Hinweis der Steueranwälte von LHP: Das Finanzgericht sich darf bei der Beurteilung einer Schätzung hinterzogener Beträge aber auch im Besteuerungsverfahren bei Vorsatz nicht auf ein reduziertes Beweismaß stützen (BFH v. 29.1.2002 – VIII B 91/01, BFH/NV 2002, 749). Das FG muss vielmehr aufgrund des Gesamtergebnisses des Verfahrens von der Höhe der Steuerhinterziehung überzeugt sein (BFH v. 29.1.2002). Dies bedeutet: Der Finanzrichter muss bei seiner Überzeugungsbildung von einem bestimmten Sachverhalt als wahr überzeugt sein. Diese Überzeugung muss allerdings nicht von allen Zweifeln frei sein.

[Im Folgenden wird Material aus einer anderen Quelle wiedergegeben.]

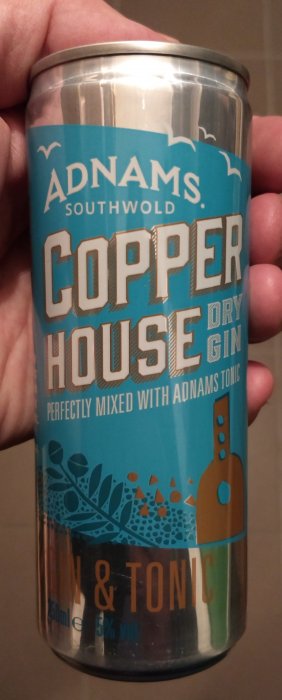 Gin4.jpg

Soweit danach noch Zweifel verbleiben, die nicht behoben werden können, gilt auch im Besteuerungsverfahren der Grundsatz „in dubio pro reo“ (BFH v. 11.7.2007 – IV B 121/06).
Hinweis der Steueranwälte von LHP: Besonders brisant ist, dass für Vorsatz sogenannter Eventualvorsatz genügt. Hierfür genügt es, wenn der Täter die Steuerhinterziehung billigend in Kauf genommen hat, wobei er sie nicht beabsichtigt haben muss und auch nach steuerrechtlichen Begriffen nicht einwandfrei bewerten können musste. Der Eventualvorsatz und die Leichtfertigkeit (auch als grobe Fahrlässigkeit bezeichnet) liegen als Schuldformen definitionsgemäß nah beieinander, weil beide nicht voraussetzen, dass der Täter den Taterfolg kannte. So meint Leichtfertigkeit, dass eine Person diejenige Sorgfalt nicht beachtet, die jedem hätte einleuchten müssen (BFH v. 17.3.2000 – VII B 39/99, BFH/NV 2000, 1180).
Die Steueranwälte von LHP wiesen in der Praxis darauf hin, dass der BFH als Rechtsinstanz grundsätzlich an die Feststellung des Sachverhalts durch das Tatsachengericht (Finanzgericht) gebunden ist. Dies bedeutet, dass im Rahmen einer Revision nur gerügt werden kann, dass das FG den Rechtsbegriff des Vorsatzes unzutreffend verstanden oder gegen Denkgesetze und Erfahrungssätze verstoßen hat.
Wer also erst in der Revision die Argumente gegen einen Vorsatz vorträgt, wird meist prozessual scheitern. Daher ist ein pro-aktives Vorgehen bereits viel früher geboten.